MATERIAL FOR THE TASK:
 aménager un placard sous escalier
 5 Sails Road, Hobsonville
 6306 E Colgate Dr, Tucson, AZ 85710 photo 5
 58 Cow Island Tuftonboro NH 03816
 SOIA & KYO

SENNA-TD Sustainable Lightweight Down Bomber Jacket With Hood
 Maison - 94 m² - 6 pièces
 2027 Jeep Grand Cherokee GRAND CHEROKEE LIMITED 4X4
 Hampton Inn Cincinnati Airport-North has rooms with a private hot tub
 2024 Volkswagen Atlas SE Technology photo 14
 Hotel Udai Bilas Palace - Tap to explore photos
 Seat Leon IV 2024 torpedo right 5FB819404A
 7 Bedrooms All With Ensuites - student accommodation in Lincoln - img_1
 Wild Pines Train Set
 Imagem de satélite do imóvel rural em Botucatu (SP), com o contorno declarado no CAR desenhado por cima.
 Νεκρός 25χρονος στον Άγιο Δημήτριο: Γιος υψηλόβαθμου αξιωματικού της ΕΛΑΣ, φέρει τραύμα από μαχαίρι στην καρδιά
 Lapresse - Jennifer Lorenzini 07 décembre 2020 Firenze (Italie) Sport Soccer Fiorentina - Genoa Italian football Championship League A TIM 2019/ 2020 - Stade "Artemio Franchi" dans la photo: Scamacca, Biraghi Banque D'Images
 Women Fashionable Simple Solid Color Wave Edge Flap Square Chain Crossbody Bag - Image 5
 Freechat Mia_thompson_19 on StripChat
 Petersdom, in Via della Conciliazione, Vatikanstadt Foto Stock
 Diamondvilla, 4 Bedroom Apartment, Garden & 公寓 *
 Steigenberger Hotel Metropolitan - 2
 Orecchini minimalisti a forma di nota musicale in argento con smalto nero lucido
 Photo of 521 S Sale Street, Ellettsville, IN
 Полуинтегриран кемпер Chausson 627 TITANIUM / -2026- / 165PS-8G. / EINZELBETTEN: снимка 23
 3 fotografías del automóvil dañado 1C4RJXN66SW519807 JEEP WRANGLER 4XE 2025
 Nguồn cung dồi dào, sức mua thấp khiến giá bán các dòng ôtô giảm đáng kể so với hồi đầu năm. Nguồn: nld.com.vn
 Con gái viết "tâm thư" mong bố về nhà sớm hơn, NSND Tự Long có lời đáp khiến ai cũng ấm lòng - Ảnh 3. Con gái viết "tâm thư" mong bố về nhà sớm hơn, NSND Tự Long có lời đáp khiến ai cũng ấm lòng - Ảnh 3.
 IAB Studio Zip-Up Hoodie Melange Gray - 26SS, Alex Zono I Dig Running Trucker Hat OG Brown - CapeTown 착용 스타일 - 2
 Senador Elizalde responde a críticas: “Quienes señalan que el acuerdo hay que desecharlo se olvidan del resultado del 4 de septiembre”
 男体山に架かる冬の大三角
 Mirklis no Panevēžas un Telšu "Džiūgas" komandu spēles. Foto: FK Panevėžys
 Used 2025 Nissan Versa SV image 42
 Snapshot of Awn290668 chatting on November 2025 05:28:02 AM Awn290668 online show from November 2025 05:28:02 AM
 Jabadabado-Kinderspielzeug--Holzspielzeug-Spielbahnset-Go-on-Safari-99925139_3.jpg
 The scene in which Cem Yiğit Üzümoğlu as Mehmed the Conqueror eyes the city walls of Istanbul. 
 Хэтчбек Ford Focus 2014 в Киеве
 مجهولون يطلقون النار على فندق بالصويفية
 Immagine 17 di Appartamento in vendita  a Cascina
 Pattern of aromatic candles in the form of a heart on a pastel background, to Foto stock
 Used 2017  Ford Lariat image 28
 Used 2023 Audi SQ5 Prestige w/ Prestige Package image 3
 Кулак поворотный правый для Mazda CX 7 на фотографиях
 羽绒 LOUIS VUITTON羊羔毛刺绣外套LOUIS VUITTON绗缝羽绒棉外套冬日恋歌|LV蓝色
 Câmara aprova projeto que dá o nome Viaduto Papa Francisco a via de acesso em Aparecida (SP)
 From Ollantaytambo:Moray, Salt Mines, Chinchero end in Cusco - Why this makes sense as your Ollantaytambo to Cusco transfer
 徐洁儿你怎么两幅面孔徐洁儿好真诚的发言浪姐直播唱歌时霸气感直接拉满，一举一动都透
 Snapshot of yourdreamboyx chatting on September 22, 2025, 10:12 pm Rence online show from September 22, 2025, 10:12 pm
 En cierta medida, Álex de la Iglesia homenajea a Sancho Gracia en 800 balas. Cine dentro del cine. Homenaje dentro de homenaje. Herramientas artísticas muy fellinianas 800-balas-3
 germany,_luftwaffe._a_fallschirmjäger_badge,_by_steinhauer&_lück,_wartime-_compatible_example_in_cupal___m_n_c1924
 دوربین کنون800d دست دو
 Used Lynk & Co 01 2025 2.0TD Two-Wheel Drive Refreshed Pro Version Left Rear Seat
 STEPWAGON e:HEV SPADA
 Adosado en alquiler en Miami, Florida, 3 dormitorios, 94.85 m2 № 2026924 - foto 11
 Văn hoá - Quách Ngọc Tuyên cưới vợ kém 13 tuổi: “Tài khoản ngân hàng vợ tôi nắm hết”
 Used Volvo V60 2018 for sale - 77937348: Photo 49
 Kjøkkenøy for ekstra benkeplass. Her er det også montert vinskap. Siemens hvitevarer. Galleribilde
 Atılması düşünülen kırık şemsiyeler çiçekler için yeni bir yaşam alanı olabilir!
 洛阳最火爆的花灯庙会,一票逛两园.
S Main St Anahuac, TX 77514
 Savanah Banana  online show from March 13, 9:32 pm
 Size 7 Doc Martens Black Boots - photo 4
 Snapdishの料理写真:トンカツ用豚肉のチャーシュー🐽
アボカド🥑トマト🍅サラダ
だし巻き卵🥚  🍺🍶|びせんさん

WHAT THIS TASK INVOLVES: Determine how many lines in the listing include the string "show", and answer with that number alone.

SOLUTION TO THIS PROBLEM: 3